**What is required:**
Retype, exactly and with nothing added, the lines from the one showing "Aufsatzrollladen Drutex RS" through the final line of the material. Omit pictures.

━━━ Exercise data ━━━

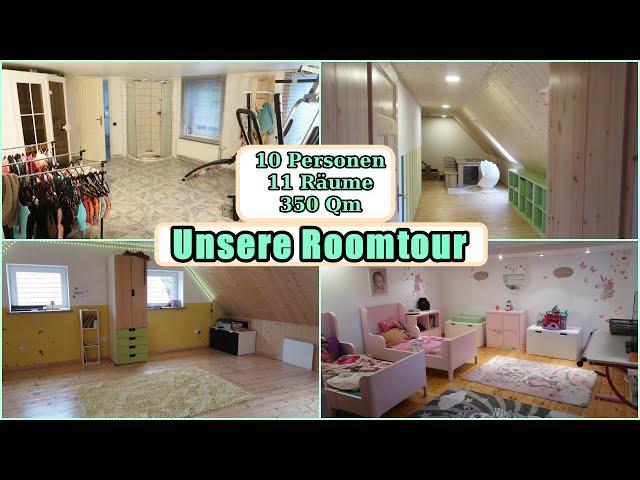 Das Zuhause einer Großfamilie | 8 Kinder | Haustour | #DieGroßfamilie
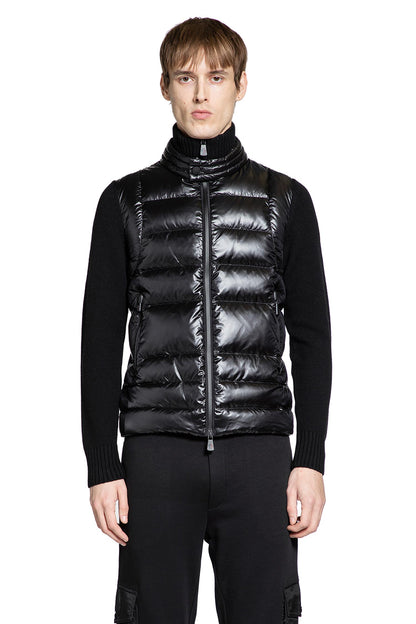 Padded Wool Zip-Up Cardigan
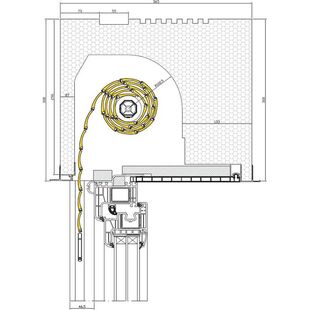 Aufsatzrollladen Drutex RS Styropor 365mm mit Iglo Energy Fenster Revision Innen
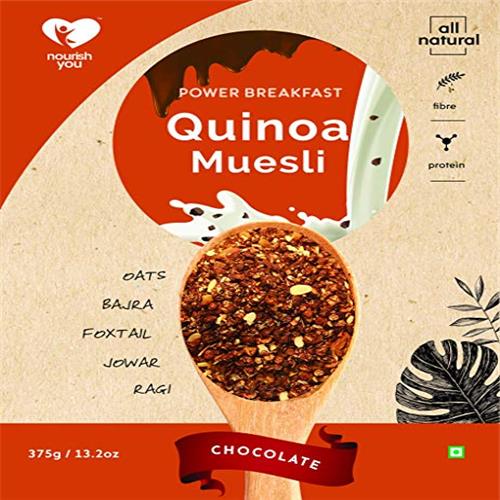 QUINOA MUESLI CHOCOLATE 375g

━━━

**Exercise result:**
 Aufsatzrollladen Drutex RS Styropor 365mm mit Iglo Energy Fenster Revision Innen
 QUINOA MUESLI CHOCOLATE 375g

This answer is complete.